Exercise:
Return all of the following entries as written, but without the images.

------------------------------------

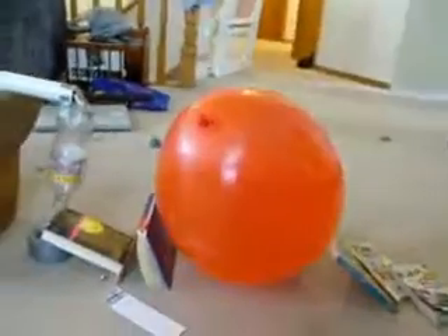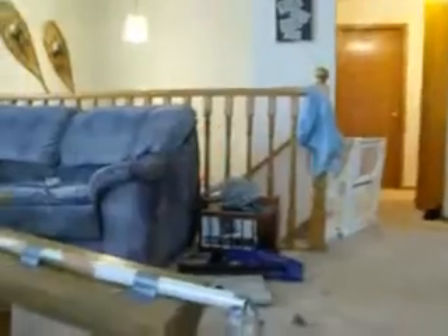Now the big balloon. Didn't pop it off. Not popping. And there it goes.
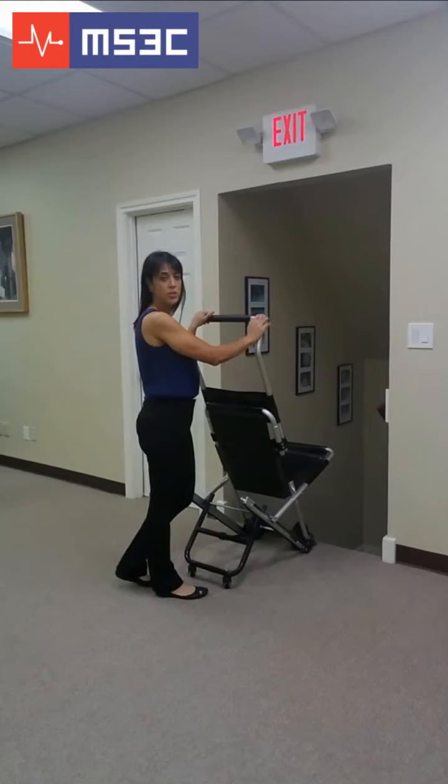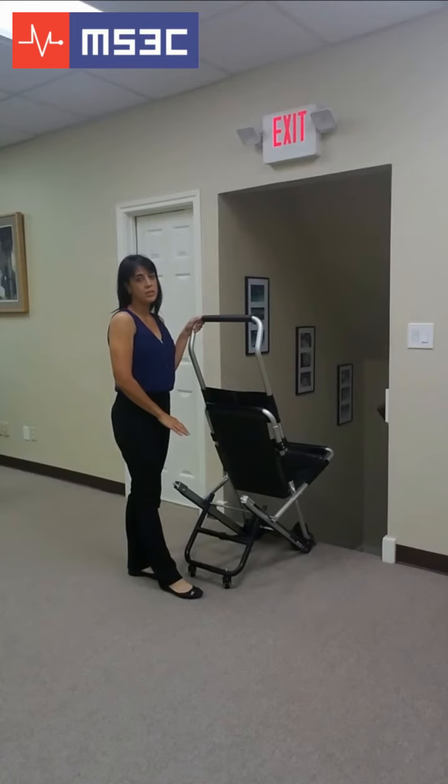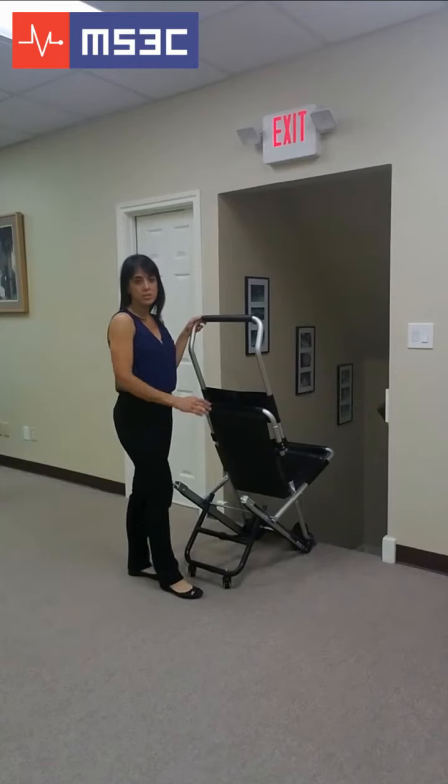Guide your passenger to the top of the staircase. You will need to disengage the rear wheels in order to descend a flight of stairs. To do so, tilt the chair slightly forward and push on the black bar until it locks into place.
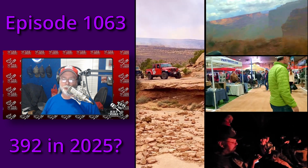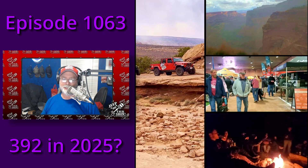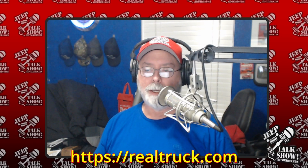This episode of the Jeep Talk Show is brought to you by Realtruck.com with over 1 million plus parts and accessories for your Jeep, truck, and life. Learn more about the best Jeep Wrangler lift kits on Realtruck later in this episode.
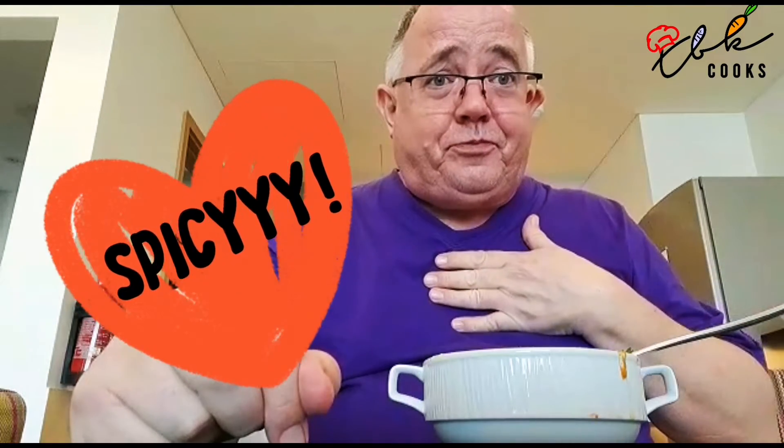Well that's it for the last TBK Cooks spicy vlog from Dubai! Next time we do another TBK Cooks we'll be back in Bahrain. I hope you've enjoyed the series here from Dubai — thanks to Adagio for the beautiful kitchen, and we'll speak to you soon.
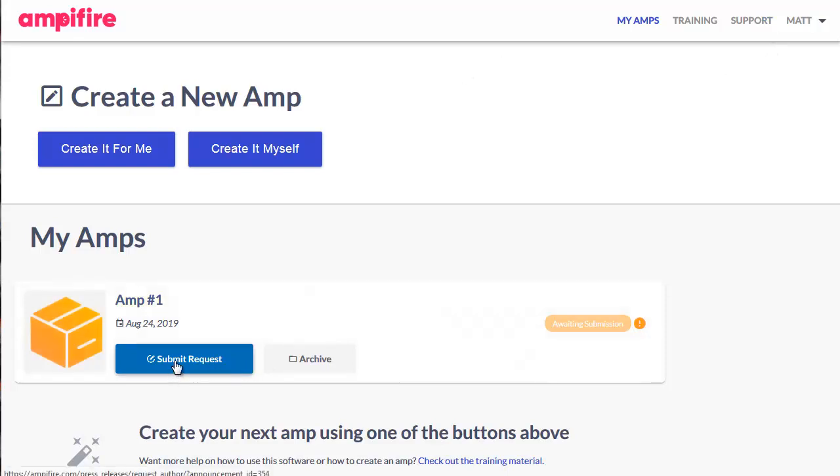You'll notice down here I have an Amp ready and waiting. All I need to do is submit requests. But what we're going to do is pop across and run through the setup of that particular Amp. Normally you choose Create It For Me or Create It Myself. Create It For Me is the simplest way of doing it.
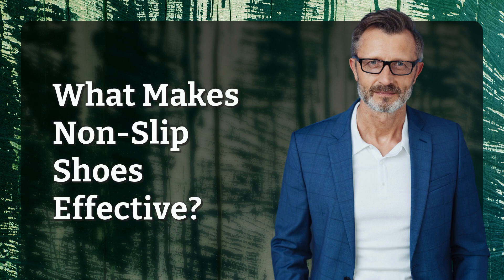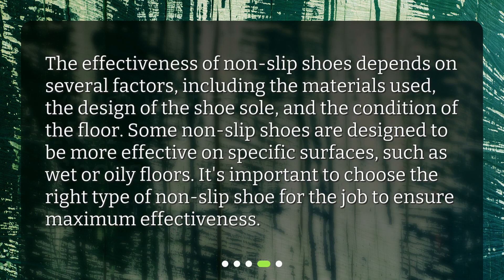What makes non-slip shoes effective? The effectiveness of non-slip shoes depends on several factors, including the materials used, the design of the shoe sole, and the condition of the floor. Some non-slip shoes are designed to be more effective on specific surfaces, such as wet or oily floors. It's important to choose the right type of non-slip shoe for the job to ensure maximum effectiveness.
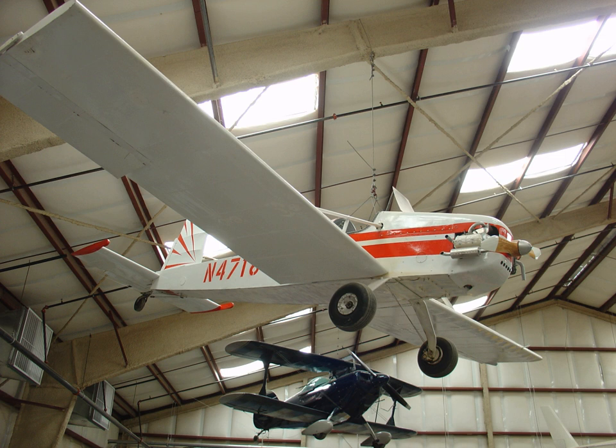Some builders have altered the fuselage design to improve the aerodynamics and aesthetics. The design was developed into a two-seat version, the Evans VP2, with an enlarged cockpit, although this variant is no longer being offered.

------------------------------------

Result for this task:
Now the big balloon. Didn't pop it off. Not popping. And there it goes.
Guide your passenger to the top of the staircase. You will need to disengage the rear wheels in order to descend a flight of stairs. To do so, tilt the chair slightly forward and push on the black bar until it locks into place.
This episode of the Jeep Talk Show is brought to you by Realtruck.com with over 1 million plus parts and accessories for your Jeep, truck, and life. Learn more about the best Jeep Wrangler lift kits on Realtruck later in this episode.
Well that's it for the last TBK Cooks spicy vlog from Dubai! Next time we do another TBK Cooks we'll be back in Bahrain. I hope you've enjoyed the series here from Dubai — thanks to Adagio for the beautiful kitchen, and we'll speak to you soon.
You'll notice down here I have an Amp ready and waiting. All I need to do is submit requests. But what we're going to do is pop across and run through the setup of that particular Amp. Normally you choose Create It For Me or Create It Myself. Create It For Me is the simplest way of doing it.
What makes non-slip shoes effective? The effectiveness of non-slip shoes depends on several factors, including the materials used, the design of the shoe sole, and the condition of the floor. Some non-slip shoes are designed to be more effective on specific surfaces, such as wet or oily floors. It's important to choose the right type of non-slip shoe for the job to ensure maximum effectiveness.
Some builders have altered the fuselage design to improve the aerodynamics and aesthetics. The design was developed into a two-seat version, the Evans VP2, with an enlarged cockpit, although this variant is no longer being offered.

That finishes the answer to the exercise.